Die ersten 10 Kapitel gehen vor allem auf allgemeine Themen ein, wie die historische Einordnung oder die Wechselbeziehungen zur Biodiversität, es werden anthropologische, ökologische sowie analytische Gesichtspunkte ebenso betrachtet wie auch rechtliche Zusammenhänge – wem gehört eigentlich dieses Wissen indigener Gesellschaften?

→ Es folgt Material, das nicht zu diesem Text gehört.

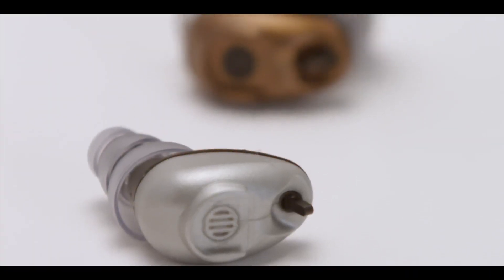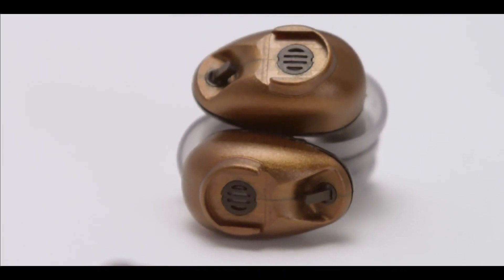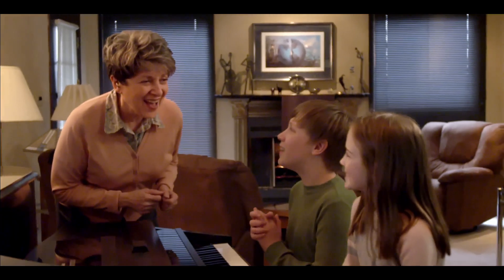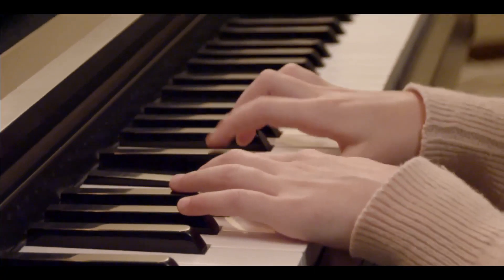A great deal of effort went into ensuring that what you hear with the Bean will be high fidelity and will maximize speech intelligibility. If you're playing or listening to music, the Bean will not distort high-level sounds. This ensures superior audio quality.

Im zweiten Teil des Buches stehen spezielle pharmakologische Indikationen bzw. die Beeinflussung von Organsystemen im Mittelpunkt. Auch sind Schwerpunkte gesetzt, die aus therapeutischen Notwendigkeiten erwachsen sind, wie z. B. Antiinfektiva, Antimalaria- und entzündungshemmende Drogen, Arzneipflanzen zur Behandlung von metabolischen Erkrankungen, Wunden, aber auch Aspekte zu klinischen Studien mit ethnopharmakologischem Hintergrund. Dieser Teil erscheint logisch zusammengestellt, lässt aber einige Themen vermissen, wie z. B. ethnopharmakologische Ansätze zur Behandlung von Erkrankungen des Herz-Kreislauf-Systems, des Urogenitaltraktes oder von Tumoren.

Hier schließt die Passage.